Это - внизу. Далеко. На пороге неба
Тонкие пальцы коснулись дрожащих струн,
Нежные звуки и звёзды - алмазные скрепы -
Лечат изломанный мир, не доставшийся злу.
Время стирает кошмары, врачует раны,
Боль и отчаянье, ужас ненужной войны...
Ржавые башни и груды железного хлама
Спят в милосердных объятиях юной весны.
Угнетатели, будьте неладны!
(В посвящение многословному общественному деятелю из числа знакомых, по какой-то причине пожелавшему остаться неназванным :-)
Размышляя о вселенской гармонии
В загаженном жильцами парадном,
Морщась от некой эзотерической вони,
Раскуривая фимиамы (без фильтра) прорывается в гастроном
"Крокодил мировых Революций". Бунтарь и Мятежник,
Низвержитель царей (не способный низвергнуть домком)...
Нерешительный ангел - немое подобие прежних.

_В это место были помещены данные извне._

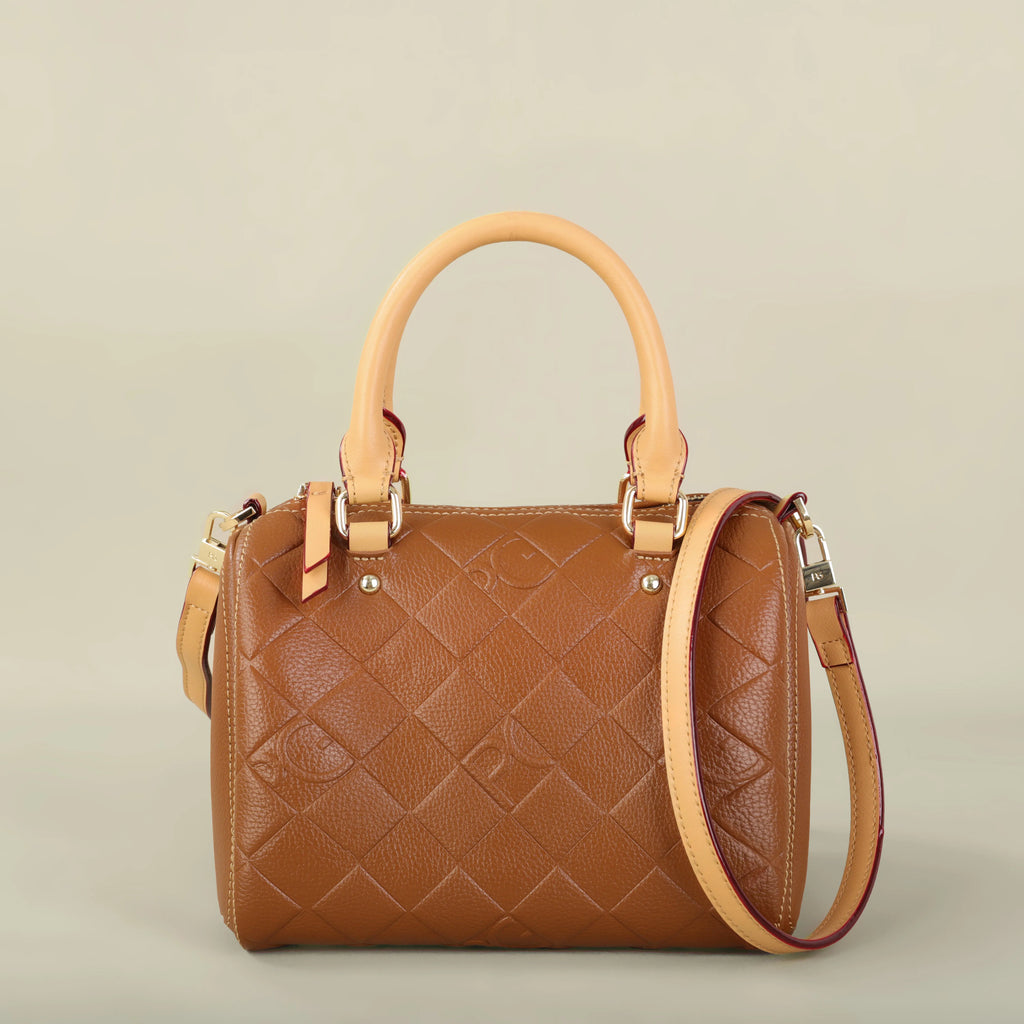 Women’s Designer Handbag Vintage High-Capacity Shoulder Bag with Timeless Style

Может быть, и тебе это бледное чудо знакомо?
Листопад
Мотив смешон и стар до боли,
Как мир презрительно суров:
Потребны Родине герои,
Судьба приводит дураков.
Под небом тесно, в небе скучно,
В эфире гниль, в газетах яд.
Остервенелый и ненужный,
Идёт в атаку листопад.
Листва опавшая сминает
Бетон отравленных алей,
И злых ветров шальные стаи
Ночами воют всё страшней.
Твои душевные Цусимы
Всем до единого смешны,
А жизнь идёт - легко и мимо,
И осень нагло лезет в сны.
Вали! Тебе не будет рая,
А ад закрыт сто лет назад.
В закатном пламени пылая
Твой мир штурмует листопад...
Злоба
Всё реже пишу стихи
Да чаще ругаюсь матом
И жду, чтоб вонзил клыки
В планету немирный атом.
По Ленина крестный ход,
Без веры, зато с крестами.
Без Бога... Но тащит народ
Икону - как красное знамя.
(И так же предаст, быть может?)
Везде активисты. Другие слова, одежды,
Но те же учебники, схемы и резкий нрав.
Благие посулы, а серой несёт как прежде,
Хоть врут не про Маркса, а "смертию смерть поправ"...
Осколки. Семей без Любви и церквей без Веры.
Цари без царя в бошке обещают рай
И кто-то с экрана усердно страшит Люцифером.
Мужик, мы в аду. Привыкай! Привыкай. Привыкай...
***
Привет европейским двухсотым от русских двухсотых
Разрушенных детских садов и горящих больниц.
"Подарок" от скачущих, хором орущих до рвоты
Свидомых друзей человечных и мирных столиц.
На небе не тесно? Война не проходит мимо,
Заходит глумливо и в твой европейский дом.
Не страшно? Не больно? Не совестно? Неисправимо!
Как боинг, внезапно пронзённый зенитным клинком.